CRANBERRY ISLES — As a result of concerns raised by town officials and others, a property owner’s plan to build a 350-foot private dock from the point of land on Islesford called The Maypole has been put on hold.
The dock would reach into The Gut, the channel of water between Islesford and Great Cranberry Island.
The 8.6-acre lot at the tip of The Maypole, at the end of Sand Beach Road, was purchased last year by Greg Goodman of Lexington, Ky. He and his wife own Mt. Brilliant Farm in Lexington, which breeds race horses and polo ponies.

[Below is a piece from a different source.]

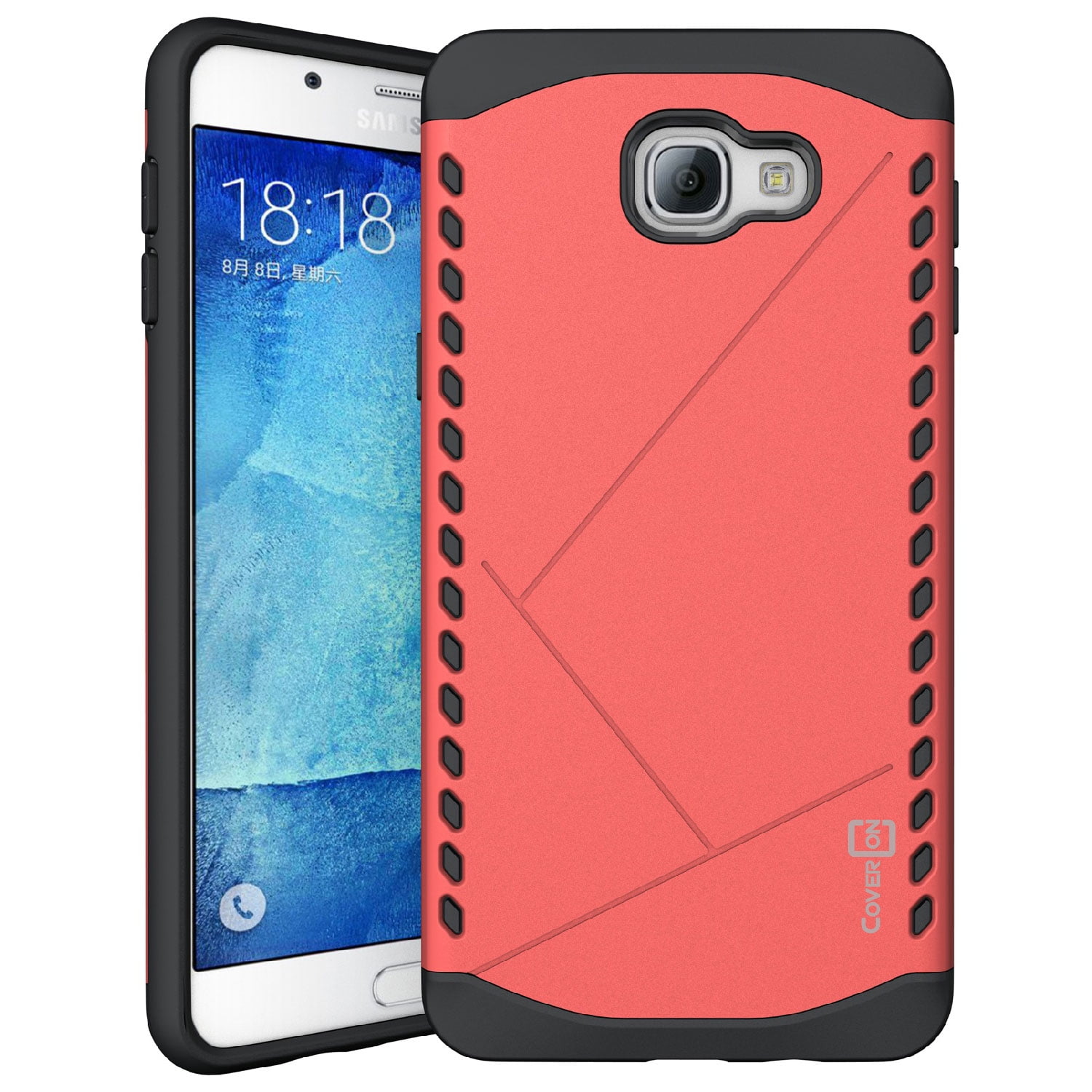 samsung galaxy a9 phone case samsung galaxy a9 phone case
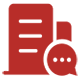 李善军 斯坦福大学Steven an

Goodman has applied to the Maine Department of Environmental Protection (DEP) for a permit to build the dock. But Roger St. Amand of Atlantic Resource Co., LLC in Tremont, who worked with Goodman on plans for the dock, said Wednesday that he has notified the DEP that “we are looking at other options and wanted to address some of the concerns the town raised.”
St. Amand provides site development planning and environmental permitting services.
At the request of the Cranberry Isles Board of Selectmen two weeks ago, the town’s harbor committee reviewed Goodman’s plan for the dock. Committee Chairman Ted Spurling said in an April 10 letter to the selectmen that the committee had several concerns, including the plan to build the dock over the only electricity and telephone cable that connects Islesford to Great Cranberry Island and Mount Desert Island.
“The proposed dock would sit over a section of the existing cable and would complicate maintenance of the cable and its eventual replacement,” Spurling said.
He also said the location of the dock “could potentially cause damage to the cable from boats or other activities on or around the dock.”
Katelyn Damon, the town’s public safety coordinator, had told the selectmen at their April 2 meeting that power company Emera Maine had serious concerns about the proposal to build the dock over the power cable.
The proposed dock also would create a hazard to navigation, Spurling said in his letter to the selectmen.
“The channel is a major access in and out of the harbor to open water for local fishermen and recreational boaters,” he wrote. “The 350-foot dock would extend 170 feet beyond the sub-tidal zone, and with the addition of a float and gangway, it would extend another 63 feet. This would present a navigation hazard for vessels going through the area, particularly during foggy conditions and during low tides.”
A third concern of the harbor committee, Spurling said, was the potential disturbance of ell grass beds. He said those beds provide “a significant and productive habitat for lobsters and are very important for the local lobster fishery.”
Members of the Cranberry Isles Fishermen’s Co-Op also had expressed concerns about the proposed dock.
The board of selectmen relayed the harbor committee’s concerns to the DEP in a letter dated April 16.
Goodman purchased the lot on The Maypole through an entity he set up called Llano Estacado LLC. The land is assessed for tax purposes at nearly $1.07 million. The house on the lot is assessed at $145,700.